WORK ITEM:
Reproduced exactly, the lines from the start of the material through the line containing "So this is the" should be the whole answer, with pictures excluded.

EXERCISE DATA:
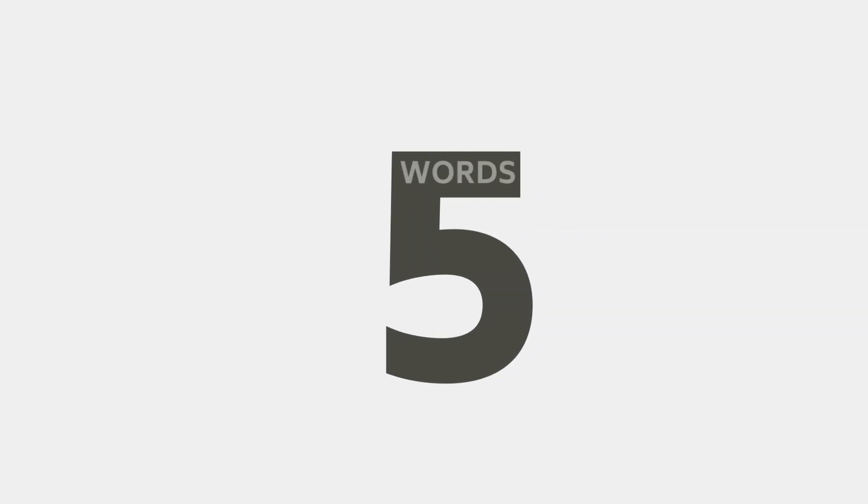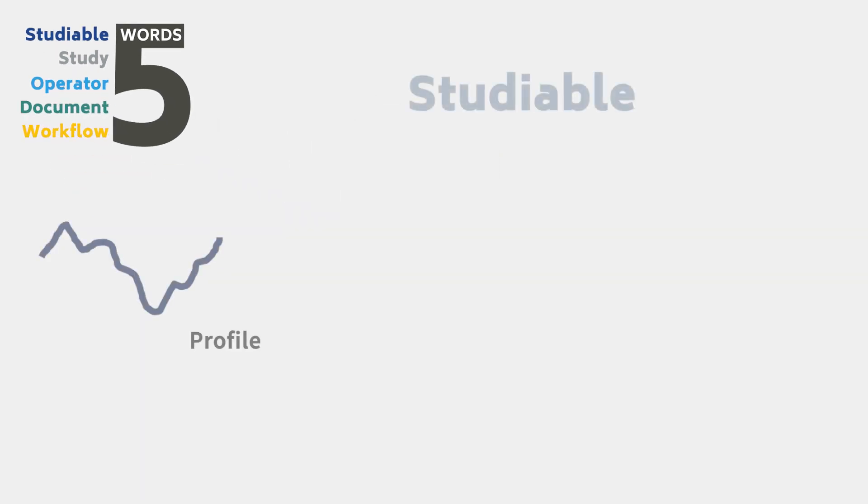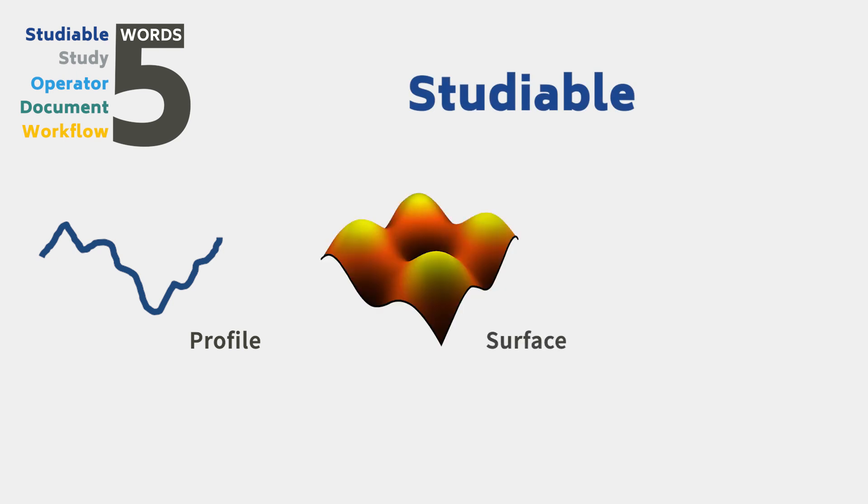There are five words you need to know before you begin to use MOUNTAINS: Studiable, study, operator, document, and workflow. A studyable is any type of data that can be analyzed using MOUNTAINS.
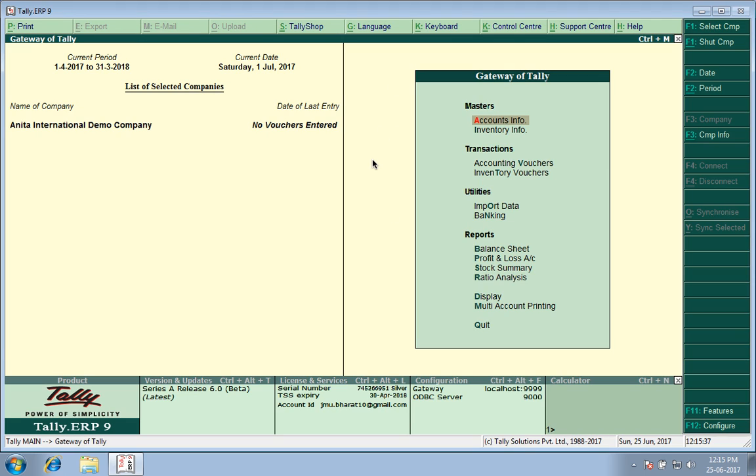Good morning, I am Rohit and today I will show you how to enter purchases from unregistered dealers in Tally Release 6 under GST regime.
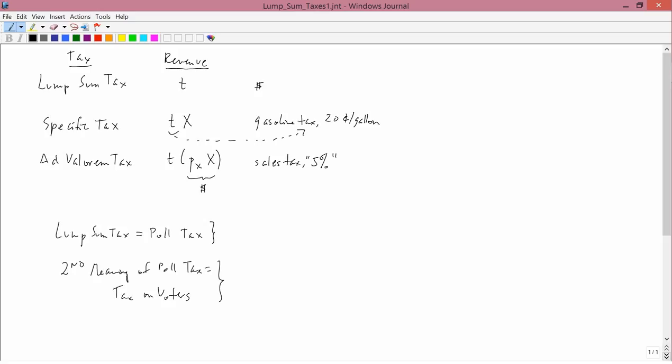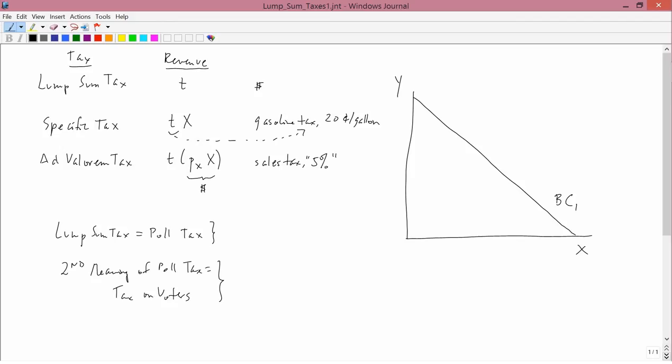We briefly want to set up a sketch of these taxes. Let's suppose that the original budget constraint, BC1, is here, so BC1 has no taxes. And I want to compare lump sum taxes and specific taxes in this example.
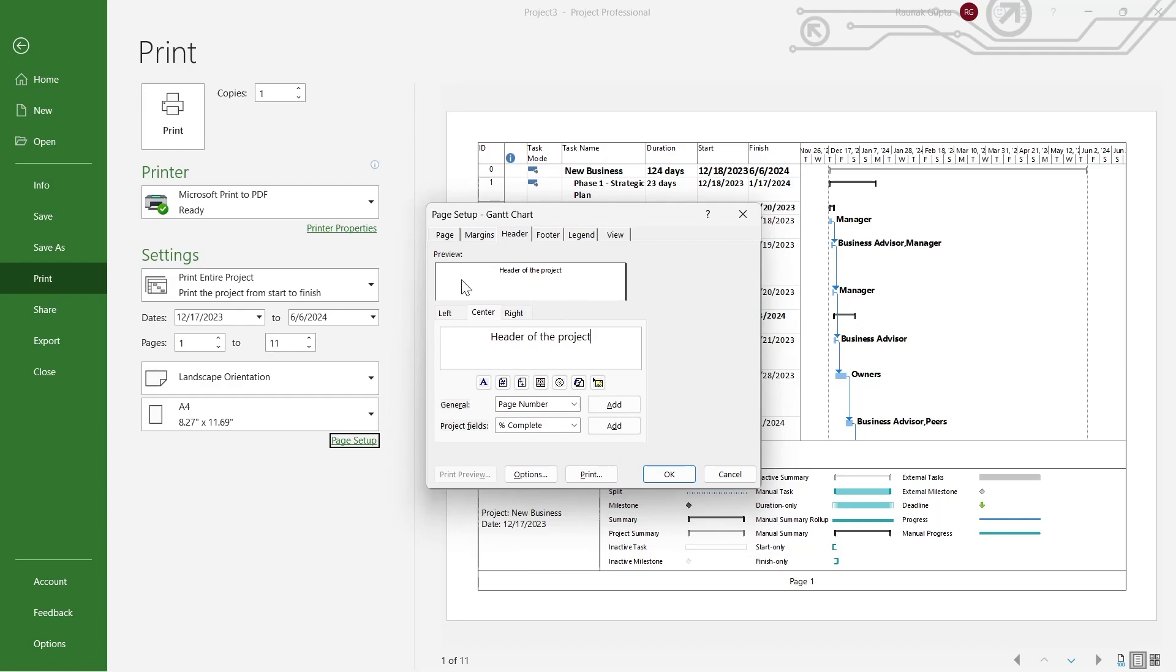So this is the header of the project that will be appearing. You can also format this header to left, right, or center of your field.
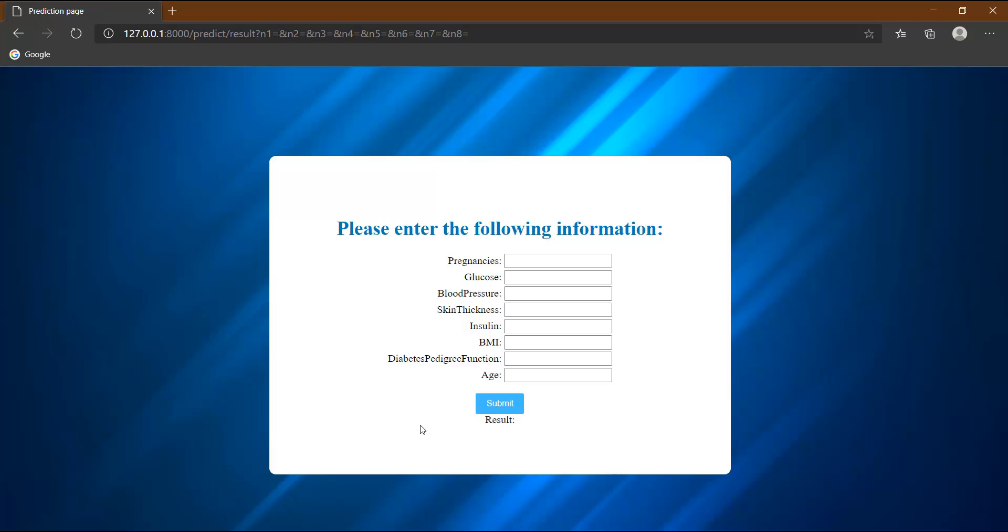So that's all about this video. We have designed our predict.html page, which is now looking like this. And in the next video, we are basically going to map our machine learning model that we have created in the second video to this website, such that when the user enters all its parameters over here and clicks the submit button, the result will be shown in front of this result. So see you in the next video.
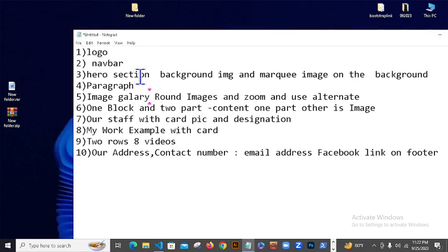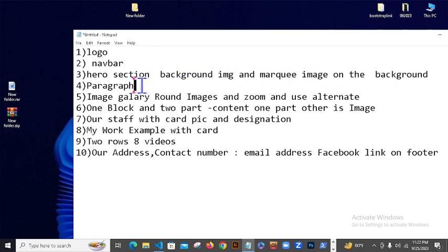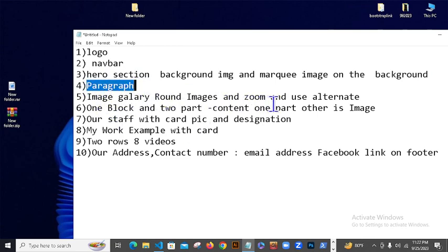Tarpur here you section, background image thak bhe, marquee image on the background. Tarpur ehtar paragraph thak bhe, tarni sier padi image gallery, round image and zoom and use alternate.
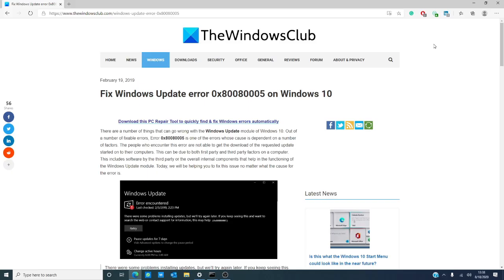Hello Windows Universe! Michael with the Windows Club. There are a lot of things that can go wrong with the Windows Update module on Windows 10. Error 0x80080005 on Windows 10 is one such error and is dependent on a number of factors. In this video we will look at some fixes, and for a more in-depth look we will link an article in the description below.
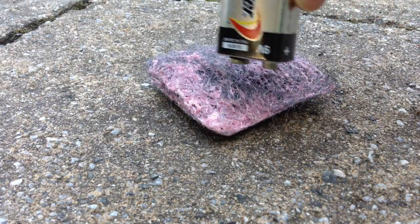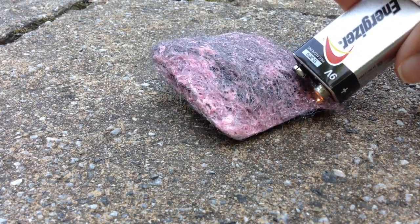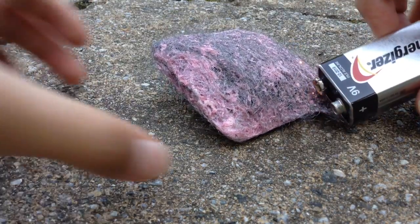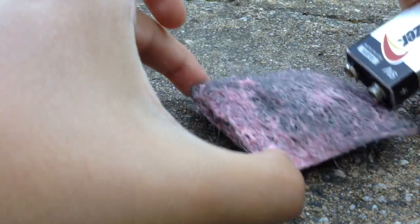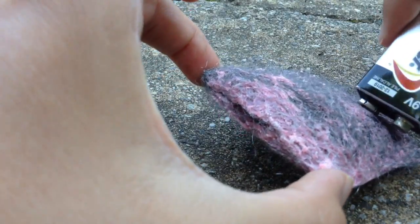See what's happening? Sparks. Sparks, because this is steel wool.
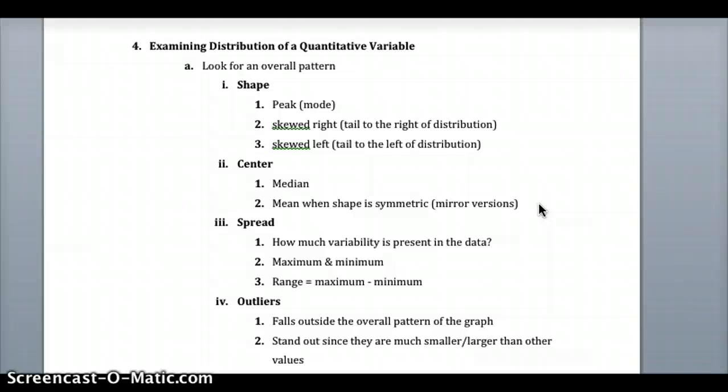To summarize: shape covers whether it's skewed right or left and the peak — the mode. Center is typically the median, or the mean when the distribution is symmetric or approximately symmetric. Spread refers to variability — how far things are from the median and the mean — measured by the range, which is the maximum minus the minimum. Outliers are anything that falls outside the overall pattern of the graph because it's much too large or much too small.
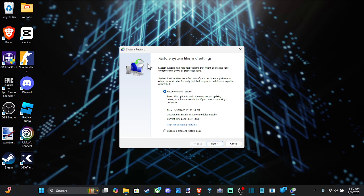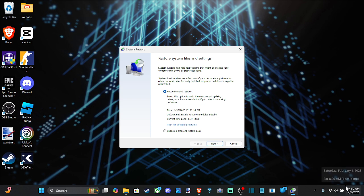And this is restore system files and settings. We have the recommended restore point, and I believe this is just yesterday, 1.30. Actually it's February 1st. So that was two days ago.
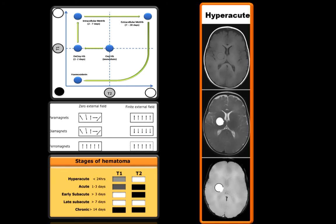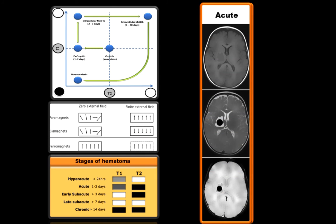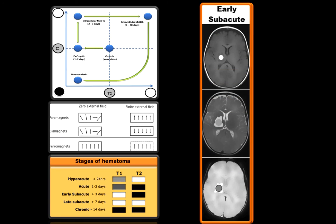Now let's review the graph again. The central part represents the immediate or hyperacute stage — the blue dot in the center means it will be isointense in T1 and slightly hyperintense in T2. In acute hemorrhage, the blue dot is near the T1 line, meaning it will be isointense in T1 but the T2 level will be very low and hypointense in T2. In early subacute, it will be hyperintense in T1, as methemoglobin is still intracellular.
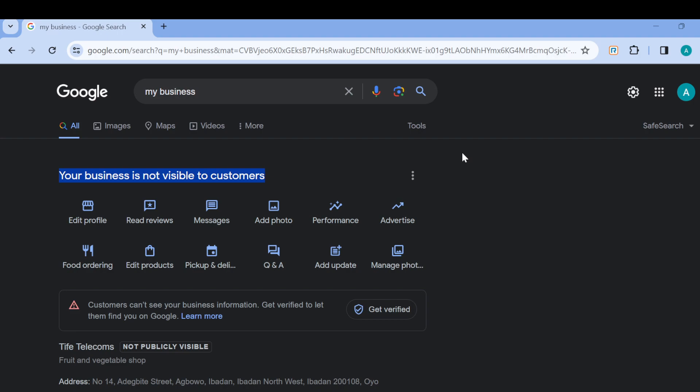So if you're having this issue, the best step is to scroll down until you can see the option 'Get verified.' Once you verify your account, your business will be visible to customers around the world. Just click on Get verified.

WRITTEN RESPONSE:
There are five words you need to know before you begin to use MOUNTAINS: Studiable, study, operator, document, and workflow. A studyable is any type of data that can be analyzed using MOUNTAINS.
Good morning, I am Rohit and today I will show you how to enter purchases from unregistered dealers in Tally Release 6 under GST regime.
We briefly want to set up a sketch of these taxes. Let's suppose that the original budget constraint, BC1, is here, so BC1 has no taxes. And I want to compare lump sum taxes and specific taxes in this example.
So this is the header of the project that will be appearing. You can also format this header to left, right, or center of your field.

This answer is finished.